[<prev] [next>] [<thread-prev] [thread-next>] [day] [month] [year] [list]
Message-ID: <064f51db-8114-b2b0-21dd-e47eb03da0be@linux.microsoft.com>
Date: Fri, 2 Dec 2022 12:35:03 +0530
From: Jinank Jain <jinankjain@...ux.microsoft.com>
To: "Michael Kelley (LINUX)" <mikelley@...rosoft.com>,
Jinank Jain <jinankjain@...rosoft.com>
Cc: KY Srinivasan <kys@...rosoft.com>,
Haiyang Zhang <haiyangz@...rosoft.com>,
"wei.liu@...nel.org" <wei.liu@...nel.org>,
Dexuan Cui <decui@...rosoft.com>,
"tglx@...utronix.de" <tglx@...utronix.de>,
"mingo@...hat.com" <mingo@...hat.com>,
"bp@...en8.de" <bp@...en8.de>,
"dave.hansen@...ux.intel.com" <dave.hansen@...ux.intel.com>,
"x86@...nel.org" <x86@...nel.org>, "hpa@...or.com" <hpa@...or.com>,
"arnd@...db.de" <arnd@...db.de>,
"peterz@...radead.org" <peterz@...radead.org>,
"jpoimboe@...nel.org" <jpoimboe@...nel.org>,
"seanjc@...gle.com" <seanjc@...gle.com>,
"kirill.shutemov@...ux.intel.com" <kirill.shutemov@...ux.intel.com>,
"ak@...ux.intel.com" <ak@...ux.intel.com>,
"sathyanarayanan.kuppuswamy@...ux.intel.com"

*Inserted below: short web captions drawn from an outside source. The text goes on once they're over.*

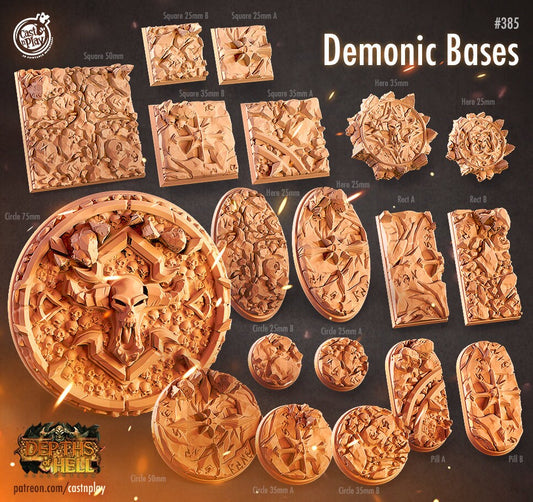 Demonic Bases | Custom Miniature Bases for Dungeons and Dragons|Pathfinder|Tabletop Wargaming | Cast N Play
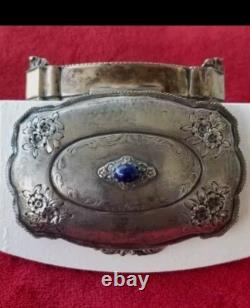 ANTIQUE 800 Sterling SILVER Murano Glass REPOUSSE CONTAINER JEWELRY BOX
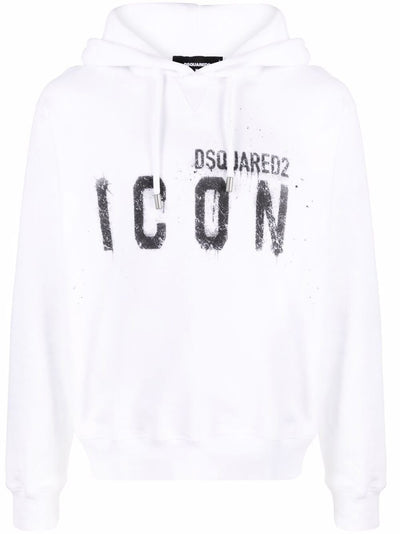 Dsquared2 Icon Paint-splatter Cotton Hoodie White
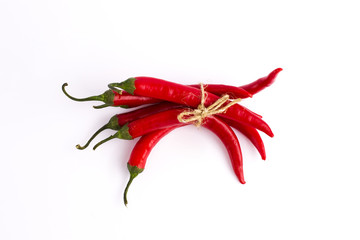 Red bitter pepper on a white background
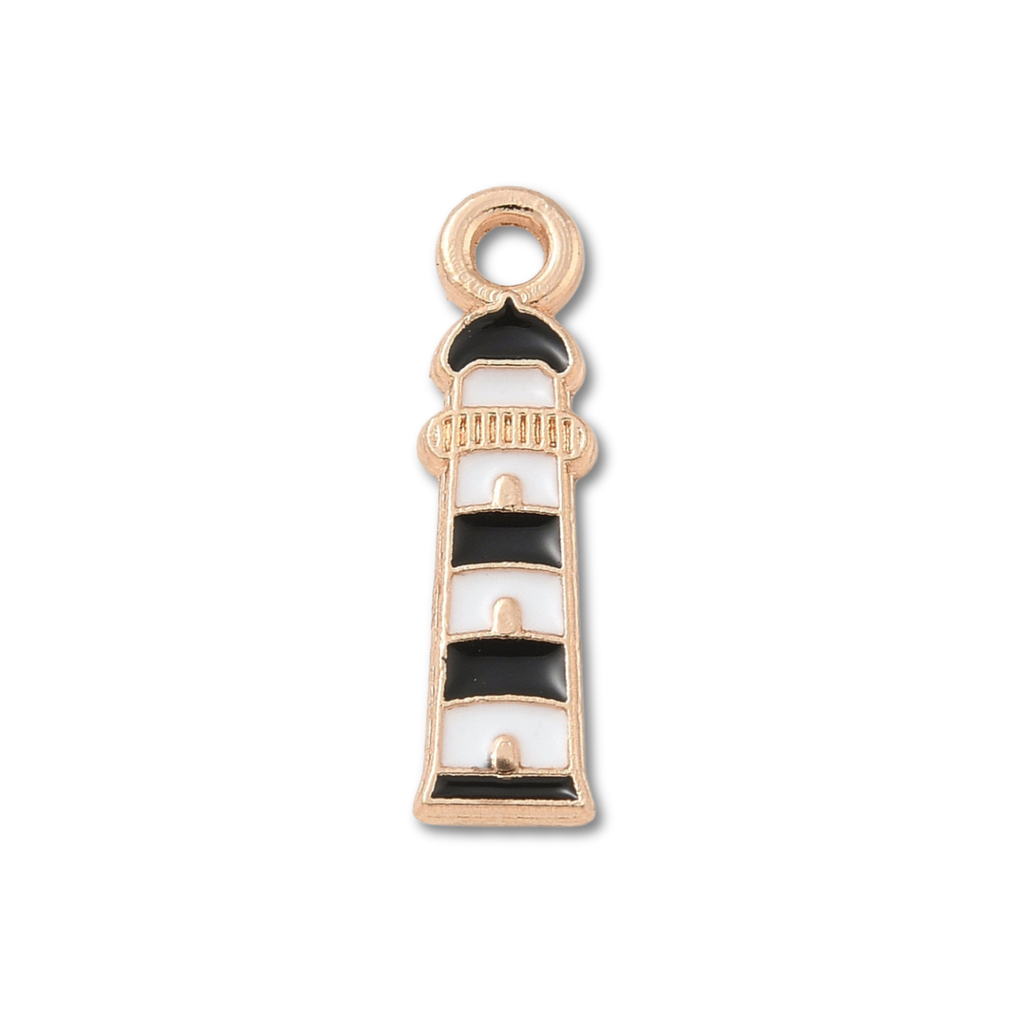 Lighthouse Gold Black Charm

<sathyanarayanan.kuppuswamy@...ux.intel.com>,
"linux-hyperv@...r.kernel.org" <linux-hyperv@...r.kernel.org>,
"linux-kernel@...r.kernel.org" <linux-kernel@...r.kernel.org>,
"linux-arch@...r.kernel.org" <linux-arch@...r.kernel.org>,
"anrayabh@...ux.microsoft.com" <anrayabh@...ux.microsoft.com>
Subject: Re: [PATCH v7 2/5] Drivers: hv: Setup synic registers in case of
nested root partition
On 12/2/2022 9:30 AM, Michael Kelley (LINUX) wrote:
> From: Jinank Jain <jinankjain@...ux.microsoft.com> Sent: Thursday, December 1, 2022 3:04 AM
>> Child partitions are free to allocate SynIC message and event page but in
>> case of root partition it must use the pages allocated by Microsoft
>> Hypervisor (MSHV). Base address for these pages can be found using
>> synthetic MSRs exposed by MSHV. There is a slight difference in those MSRs
>> for nested vs non-nested root partition.
>>
>> Signed-off-by: Jinank Jain <jinankjain@...ux.microsoft.com>
>> ---
>> arch/x86/include/asm/hyperv-tlfs.h | 11 ++++
>> arch/x86/include/asm/mshyperv.h | 30 ++-------
>> arch/x86/kernel/cpu/mshyperv.c | 69 +++++++++++++++++++++
>> drivers/hv/hv.c | 99 ++++++++++++++++++++++--------
>> include/asm-generic/mshyperv.h | 5 +-
>> 5 files changed, 165 insertions(+), 49 deletions(-)
>>
>> diff --git a/arch/x86/include/asm/hyperv-tlfs.h b/arch/x86/include/asm/hyperv-tlfs.h
>> index 58c03d18c235..b5019becb618 100644
>> --- a/arch/x86/include/asm/hyperv-tlfs.h
>> +++ b/arch/x86/include/asm/hyperv-tlfs.h
>> @@ -225,6 +225,17 @@ enum hv_isolation_type {
>> #define HV_REGISTER_SINT14 0x4000009E
>> #define HV_REGISTER_SINT15 0x4000009F
>>
>> +/*
>> + * Define synthetic interrupt controller model specific registers for
>> + * nested hypervisor.
>> + */
>> +#define HV_REGISTER_NESTED_SCONTROL 0x40001080
>> +#define HV_REGISTER_NESTED_SVERSION 0x40001081
>> +#define HV_REGISTER_NESTED_SIEFP 0x40001082
>> +#define HV_REGISTER_NESTED_SIMP 0x40001083
>> +#define HV_REGISTER_NESTED_EOM 0x40001084
>> +#define HV_REGISTER_NESTED_SINT0 0x40001090
>> +
>> /*
>> * Synthetic Timer MSRs. Four timers per vcpu.
>> */
>> diff --git a/arch/x86/include/asm/mshyperv.h b/arch/x86/include/asm/mshyperv.h
>> index 61f0c206bff0..3197d49c888c 100644
>> --- a/arch/x86/include/asm/mshyperv.h
>> +++ b/arch/x86/include/asm/mshyperv.h
>> @@ -198,30 +198,10 @@ static inline bool hv_is_synic_reg(unsigned int reg)
>> return false;
>> }
>>
>> -static inline u64 hv_get_register(unsigned int reg)
>> -{
>> - u64 value;
>> -
>> - if (hv_is_synic_reg(reg) && hv_isolation_type_snp())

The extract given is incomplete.